Friday, August 17, 2018

More Scandalous Talk about Regency Undewear–the stockings

After all my scandalous talk of Regency underwear, here, here, here, and here, I am finishing off with a tamer post about the last layer of undergarments–the stockings. See? Not scary at all 🙂

Regency ladies wore stockings held up with garters either at the thigh or just above the knee. These stockings pictured at the left are knitted in blue and white silk. Stripes on any and all garments were popular in the 1790s but had faded by the Regency Era. These stockings pictured date from around 1800 so they are nearing the end of their heyday for stripes before giving way to the plainer styles—and almost always white–either plain or knitted in a lacy pattern stitched with white or colored embroidery.

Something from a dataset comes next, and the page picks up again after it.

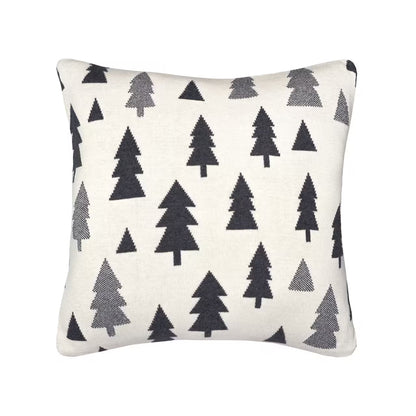 Dekoračný návlek pletený DESIGN stromčeky smotanová sivá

The picture to the right is of a Georgian lady putting on her stockings. Her stockings are white, almost certainly silk, and she is tying them on with ribbon garters.

Our Regency lady would have worn knit stockings of cotton or silk (or wool during cold weather), held up with garters that tied, buckled, or hooked. Below is a fun engraving showing ladies getting dressed, inclding putting on stockings.

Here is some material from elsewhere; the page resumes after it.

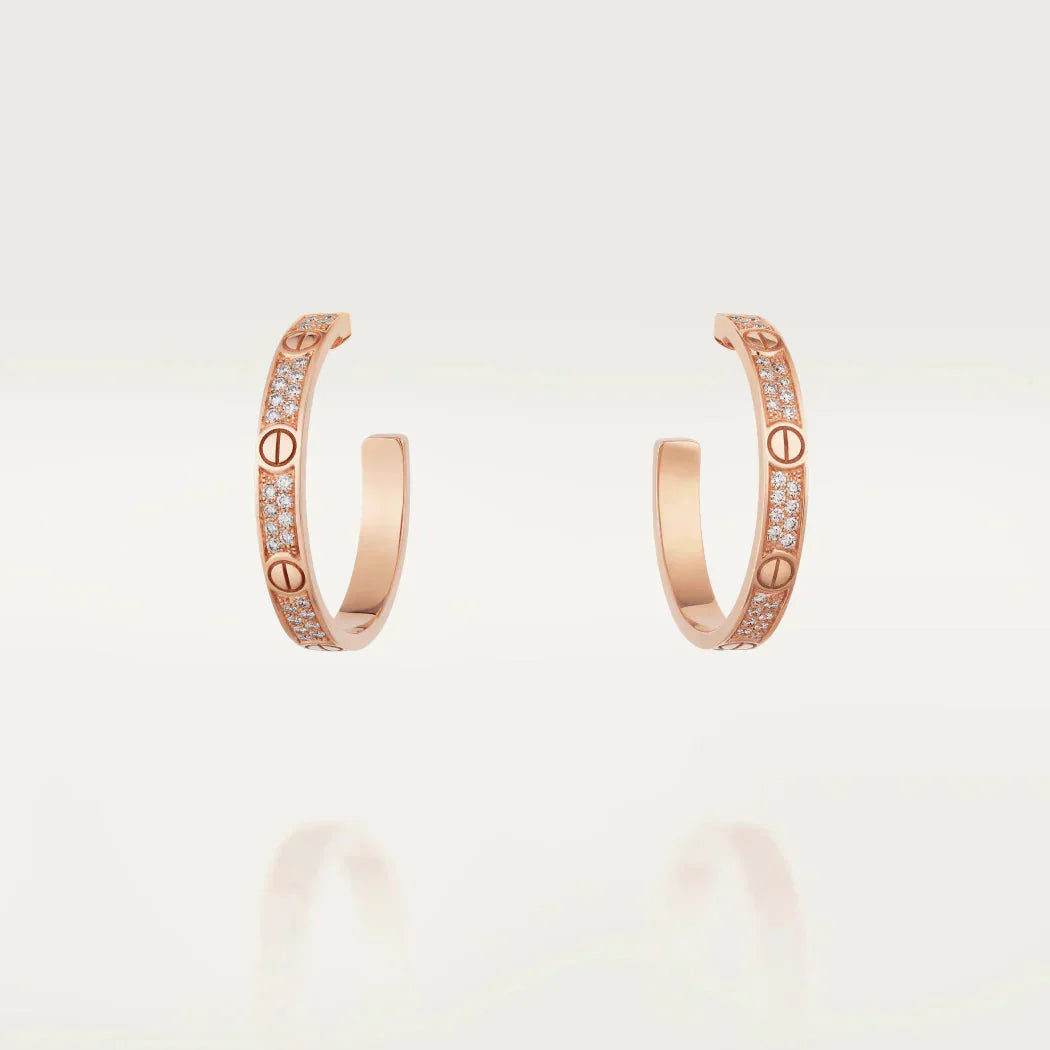 [ECHO ]LOVE DIAMOND PINK GOLD HOOP EARRINGS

Ladies (and gentlemen, too, for that matter) often wore thicker stockings under their fine silk stockings for additional warmth if it was a formal setting where silk would be more fashionable. As an added beenfit to wearing white cotton underneath their silk, the thicker fabric help hide their leg hair. Shaving leg hair is a fairly modern–and largely American–custom; certainly Regency ladies didn’t think to shave their legs.

Now that our Regency lady has on all her undergarments, she can now don her gown, although, of course, she may certainly have put on her stockings after dressing in her gown rather than before.